King Benjamin Puts Both the Larger and the Smaller Plates Together

George Reynolds, Janne M. Sjodahl

Amaleki was the last to write upon the Smaller Plates. Finding that they were filled with the writings of others who had preceeded him, as well as his own short account, and being childless he gave them to King Benjamin.

King Benjamin was the second of the great and wise prophet-kings who reigned over the Nephites from Zarahemla, their capital city. His father was Mosiah I, who, being warned by the Lord to flee out of the Land of Lehi-Nephi, took those who would go with him, and led them northward where they found the people of Mulek. The two peoples joined, and chose Mosiah to be their king. In course of time, Mosiah died, and Benjamin, Amaleki recorded, "reigneth in his stead." Benjamin was a "just man before the Lord," says Amaleki, "I shall deliver up these plates unto him." (Omni 25)

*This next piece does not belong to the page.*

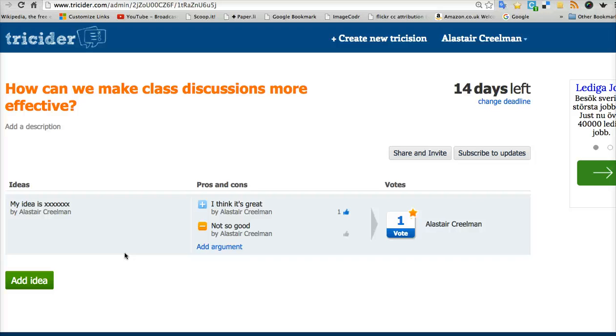So good luck with Tricider and thank you for listening.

In one of the many explanatory notes which Mormon inserts in the record he makes, he informs us that after Amaleki had placed the Smaller Plates of Nephi in the possession of King Benjamin, he, that is King Benjamin, put them with the other, or the Larger Plates. The Larger Plates contained what we have called, the secular history of the Nephite people. Thus, the two sets of plates, coming into the hands of one man, did what had not been done since Nephi had made them hundreds of years before. King Benjamin thus became the first to compile the full history of the people upon one set of plates. In this, we see the purposes of God, for together, in them, we will observe that the profane and the religious history combined into one complete account, the development of the Nephite people as one great nation.